President Biden on Monday nominated longtime telecommunications lawyer Anna Gomez to serve on the Federal Communications Commission, taking a step toward breaking the partisan deadlock that for more than two years has hamstrung the agency’s ability to carry out Democratic agenda items, such as restoring net neutrality rules.

Gomez, an FCC veteran serving as a communications policy adviser at the State Department, is the latest nominee after Gigi Sohn, another former agency staffer who withdrew from consideration in March after a grueling 16-month battle over her pick. In an interview with The Washington Post, Sohn attributed the defeat to a “concerted, coordinated campaign” by the telecom industry to block her nomination.

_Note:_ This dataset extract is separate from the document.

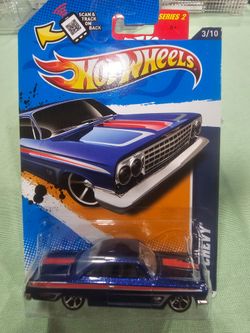 Hot wheel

The five-seat commission has lacked a Democratic majority for the entirety of Biden’s term, a historic delay that consumer advocates say has hindered its ability to keep telecom giants such as Verizon and AT&T in check and halted efforts to restore more stringent internet regulations. Senate Republicans criticized Sohn, a key figure in the Obama administration’s net neutrality push, as a partisan who would drag the agency too far left politically.

Christopher Lewis, president of the consumer advocacy group Public Knowledge, praised Biden’s nomination of Gomez and called on lawmakers to swiftly move to break the agency’s current 2-2 partisan split.

“For far too long, the Biden administration and Senate leaders have left us without a full, five-person FCC while important issues are in front of the agency. … We urge the Senate to move quickly on her nomination as there is much important and pressing work before the FCC that will require a full Commission to accomplish,” he said in a statement.

Biden first nominated Sohn, a Democrat, to serve as the agency’s fifth commissioner in October 2021 and re-upped her nomination earlier this year. But Sohn withdrew amid staunch opposition from Senate Republicans and some Democrats such as Sen. Joe Manchin III (D-W.Va.), who publicly came out against her in March.

Before her stint at the State Department, Gomez served as the deputy administrator of the National Telecommunications and Information Administration, a key agency within the Commerce Department that is overseeing the rollout of billions of dollars in federal funding to expand internet access nationwide.

It remains to be seen whether Gomez, a former Senate staffer, will face the same level of opposition from Senate Republicans and conservative groups as Sohn, whom advocates had hailed as a champion for consumer rights.

Jonathan Spalter, president and CEO of the industry trade association USTelecom, said in a statement that “if confirmed, I look forward to working with [Gomez] and a full five-member FCC on our shared objective to connect everyone everywhere to the power and promise of broadband.”

Comcast, which last Congress hired a lobbyist to work on FCC nominations, expressed support for Gomez in a statement Monday. Chief legal officer Tom Reid said her “deep knowledge across the breadth of issues before the FCC makes her exceptionally qualified to be a Commissioner.”

The remarks could signal an easier path to confirmation for Gomez than Sohn, who faced a string of attacks over her policies, past social media activity and sexual identity. Sohn would have been the FCC’s first openly gay commissioner.

Sohn accused “dark money” groups of resorting to “unrelenting, dishonest and cruel attacks” to tank her nomination and keep the agency deadlocked indefinitely.

Gomez, if confirmed, would be the agency’s first Latina commissioner in over two decades, according to the National Hispanic Media Coalition, which had called on the Biden administration to pick her or another Latino nominee for the agency. The Congressional Hispanic Caucus echoed the remarks in a letter to the White House in March.

The White House also said Monday that it is reissuing the nomination of two of the agency’s current commissioners, Republican Brendan Carr and Democrat Geoffrey Starks. The agency has frequently operated without a full roster of commissioners throughout its history, at times limiting its ability to conduct business.